勒圆的穴苞像小嘴般翕动,吐水拧着粗热性器嘬咬,每回抽插都要多吃进一寸。
她扭腰磨穴内肉棒,小舌渡着香津与嫡兄缠吻,满脸的春情潮红。
女子这番不顾院里还有下人走动的淫骚样,挠得男人腹肌紧抽,埋在穴里面的阴茎猛地胀硬一圈。
“唔…涨…”
沉质的实心肉茎抽弹起狠挑屄口,屄肉娇气,立刻哆嗦着吃紧,勒得大肉棍险些就要折断在里面。
男人鼻息沉急,额间轻轻绷起凸筋,他长臂倏地收牢,如两道铁箍般箍死了庶妹腰身,将人禁在自己怀中,底下窄胯猛送,鸭卵大的龟头发狠地凿掼花心,一竿子尽入到底。
直入得沈明蕴花心欲裂,屁股肉被击得颤巍巍肉波荡晃。
“哼嗯”女子泪眼婆娑,舌尖吃在男人口里娇声啼吟。
沈弦隔着衣物掐她乳尖,捻揉充血茱萸,这厢提腰连凿,肉棒青筋勾碾着密密褶皱使劲磨水,一根巨物仿若烧红的烙铁,串在女子穴间抽插,烫得屄肉都快要化掉。

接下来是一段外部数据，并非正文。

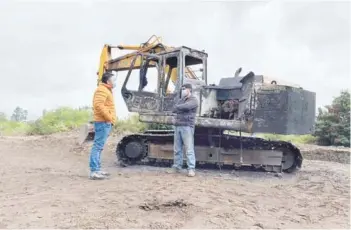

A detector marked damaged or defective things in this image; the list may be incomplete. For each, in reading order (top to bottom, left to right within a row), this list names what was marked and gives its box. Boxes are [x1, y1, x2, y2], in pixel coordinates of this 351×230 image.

burned bulldozer [82, 36, 316, 172]
burnt machine part [117, 127, 304, 172]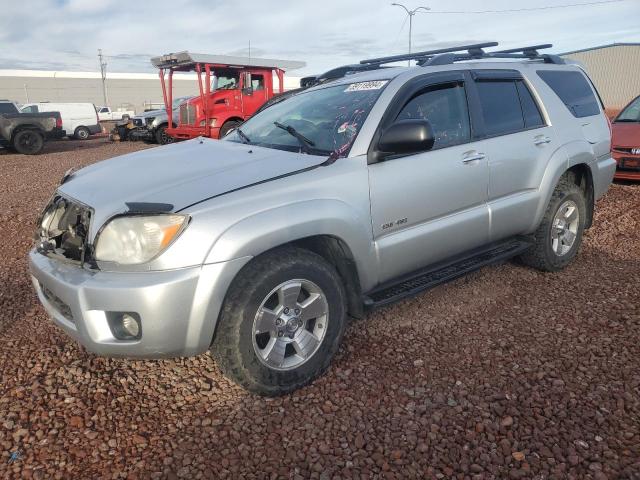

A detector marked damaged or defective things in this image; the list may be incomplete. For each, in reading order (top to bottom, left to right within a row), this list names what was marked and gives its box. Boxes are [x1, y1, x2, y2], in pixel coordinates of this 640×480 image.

exposed headlight assembly [94, 215, 188, 264]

他眸色沉沉,也不顾及下人随时会进入室内,押着庶妹在帘后耸腰快插,宽厚胸膛紧压一团娇软的女体,粗长阴茎甩着穴水在红缝里进出,将大卵袋砰砰甩上屄户。
“嗯…嗯…唔啊……”偷情的淫喘声悄悄在窗子前荡漾。
沈明蕴穴里酥麻不断,一道道快意窜进脑袋,一对颠簸的屁股片间插着直挺大棒,被逐渐肏软了脚。
一个不稳,她在嫡兄的一记猛撞中,踉跄着伸手扶住墙脚花架,手里面的暖炉却是再没抓稳,咣啷啷滚在地上。

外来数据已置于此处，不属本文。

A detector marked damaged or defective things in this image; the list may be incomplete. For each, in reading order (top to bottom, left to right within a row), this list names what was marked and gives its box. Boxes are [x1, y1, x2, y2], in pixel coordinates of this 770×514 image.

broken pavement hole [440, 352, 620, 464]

屋外的丫头听到异响,急慌慌细着碎步来里查看:“这是何声,怎听着像什么给打翻了?”
一进屋子,她便见得靠近架子床的内室那边,隔断帘子晃动,一只套了锦罩的铜手炉从帘子下骨碌碌滚出。
“啊呦,”丫头叫了声,连忙去捡手炉,口上还不忘关切主子,“小姐你可曾让烫着?”
帘子后,沈明蕴心都要提到嗓子眼,那丫头离她仅几步相隔,若让她拾好炉子起身转个弯,岂不正看见她撅着个光腚正在含吃兄长的肉根?

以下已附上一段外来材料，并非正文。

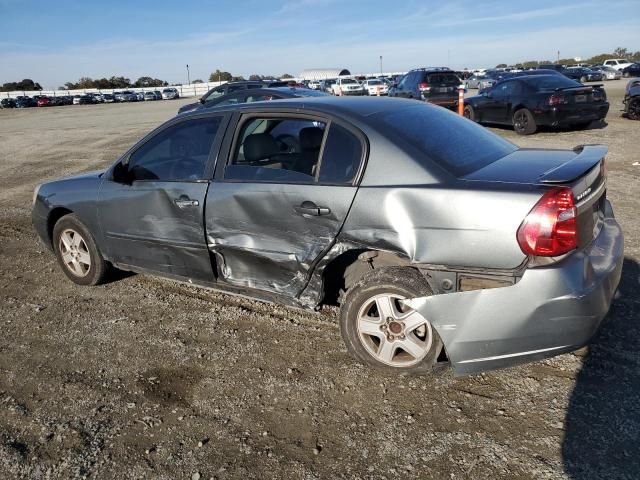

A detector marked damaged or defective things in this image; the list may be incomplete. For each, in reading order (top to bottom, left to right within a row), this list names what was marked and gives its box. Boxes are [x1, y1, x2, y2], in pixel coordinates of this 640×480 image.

exposed wheel well [46, 208, 72, 248]
damaged car [32, 96, 624, 376]
exposed wheel well [322, 249, 412, 306]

光是一想兄妹通奸的画面暴露于下人眼前,沈明蕴脚就软得更不像话,失了力气的身子像团软泥似的被男人捞着,要不是穴里头有根硬长肉棒挑着,只怕都要滑落到地上。
紧挨着的沈弦却是好整以暇凝着她,墨眸里尽是袖手旁观的意思。
肉棒还在紧张的屄肉里缓慢抽动,龟头勾着被肏翻卷的肉道褶皱,将逼道堵得严实,像是要看她到底如何应对。
丫头捡起炉子就要过来。
沈明蕴膝盖晃颤,却只得强忍着身子里的酥痒开口道:“你退下吧…我…我与兄长有话要谈……别让人来打扰…”
声音也颤颤的,带着股尖细委屈,听在丫头耳里,似正在遭受胁迫。
丫头想起方才瞧见世子直接进了小姐房间,世子爷脾气素来和善,可他刚才嘴角却没挂笑。
再联想地上被打翻的手炉,丫头便觉得许是二小姐哪里惹恼了她兄长。
主子们的事下人哪敢插手,况且二小姐如今虽得了侯爷青眼,可到底比不过世子贵重,他若正在教训庶妹,这满院子的人都得装作没看见。
应了声是,丫头提脚悄声出去,将挡风的布门帘放下。
沈弦戏谑挑起女子下巴,拇指在她水润红艳唇瓣上揉碾:“听说二妹和我有话要谈,也不知是用的上面这张嘴呢,还是底下那张?”
沈明蕴朦胧着眼,不答,只用樱唇夹住他指尖吸吮,软舌尖抵着指面一勾一舔。
像极了乖顺听话的猫儿。
沈弦眸色转浓,忽地将她架起,两手握她膝弯压折,阴茎从后支顶着小穴,宛如小儿把尿般托着她边行边肏。
0020 第二十章 边走边肏,亲兄当众狠奸妹妹子宫【兄妹|人前宫交】
“啊!”她娇声惊呼。
被架起的身子先是在空中颠起,阴茎上的肉筋拉扯着穴间嫩肉往外勾,撑圆屄口吐出半截被泡得润滑油光的硬长阴茎。
继而屁股往回落,龟头圆顶淋着倾泻而下的汁水,趁着穴肉反应不及重新掼进熟烂屄道。
热腾腾的大肉根顺着落下力度噗嗤沉入逼穴,发硬棱边一路刮着火星子将痒麻处全数碾过,照着花心小眼一头攮进去。
正中靶心,将她塞得满满当当。
“呜嗯……不行,要到了……到了…”沈明蕴在男人怀中受不住地哭喊,子宫里夹住肉棒头拼命呲水。
男人胸膛从后撑着她,一低头就是一张媚色欲滴,娇不承欢的爽去模样。
“这就去了?”
他眯眸浅笑,阴茎在穴汁的润滑下从穴肉里缓缓拖出,勃胀的阳具卡得两片肥软唇肉往外翻,本就正在高潮的穴道被青筋盘虬的茎身刮得胡乱哆嗦。
“只怕这整院的下人,若听见你哭声,还道是为兄是如何责打你呢。”他润玉般的声音裹上一层沙哑,抱着女子往放下去的门帘子行去。
沈明蕴穴里面淅淅沥沥淌着水,一条红缝被插得合不住,紧勒着涨圆的阴茎,眼睛随着越发接近门帘而瞪圆。
即使心里头知晓,沈弦应是不会疯到一掀门帘,让整个院子都来瞧看嫡兄大操庶妹的光景,可那门帘与外界只是轻轻一片布,若是来道风给吹开,也是想想就让她发根麻耸。